# Maciej Lampe WILL be in a Knicks uniform next year...



## robyg1974 (Jul 19, 2002)

Keep in mind that second round picks do not have guaranteed contracts. They can sign for whatever their teams offer them. The Knicks can offer Lampe all or part of the MLE ($4.9 mil). A team cannot buy out a foreign dude's contract--they can chip in around $0.3-$0.4 mil to help out, but that's it, the player has to pay the rest of it. Lampe can easily pay off Real Madrid if the Knicks give him a pretty large chunk of their MLE this summer. If they do, he's a Knick; if they don't, he's not a Knick.

Because Lampe desperately wants to come over to the NBA, and because he is in a pretty terrible negotiating position, don't expect him to be able to hold New York hostage. The Knicks can offer him about half the MLE--between $2.0-$2.5 mil--and that will be enough for him to pay off Real Madrid and come on over to the NBA for good.

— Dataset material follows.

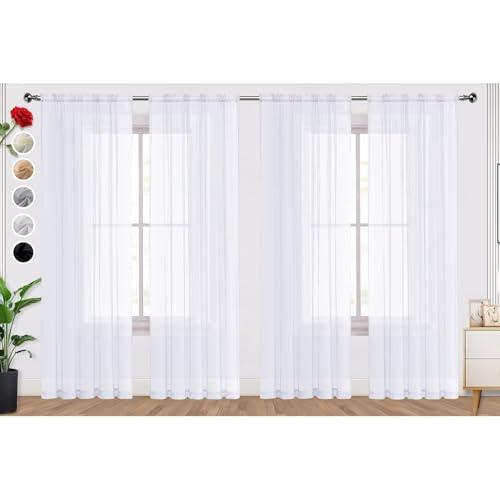 Optical White Sheer Curtains 4 Panels Rod Pocket Semi (Optical White / 52"W x 90"L (Pack of 4))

This means that New York will not be able to offer a free agent its full MLE--it will only have another $2.5-$3.0 mil to play around with, which will only be enough to get an iffy guy like, say, Elden Campbell--but who cares, they have gotten one of the all-time steals in NBA draft history here in Maciej Lampe.

Lampe is unusual as far as steals go. If people had known how good a Rashard Lewis or a Cuttino Mobley was going to be, no way would these guys have dropped into the second round. Everybody knew how much potential Lampe had, but they shied off for non-basketball reasons. Totally idiotic. Scott Layden probably saved his job in this draft.

Another thing to keep in mind here is that New York and Toronto are probably still working out the details in a Chris Bosh-Mike Sweetney deal. Remember, Bosh was New York's guy at #4 overall, not Ford (the Ford talk was a smokescreen), and Sweetney was Toronto's guy at #9. Toronto remains unable to sign Bosh AND stay under the luxury tax threshold. Toronto remains a team that desperately wants to move some longterm payroll. My guess is that Toronto is insisting on New York taking on a lot of crap, and that New York is insisting on taking not-so-much crap. So expect New York-Toronto trade rumors to re-surface, and do not be surprised to see a move happen by the end of the summer.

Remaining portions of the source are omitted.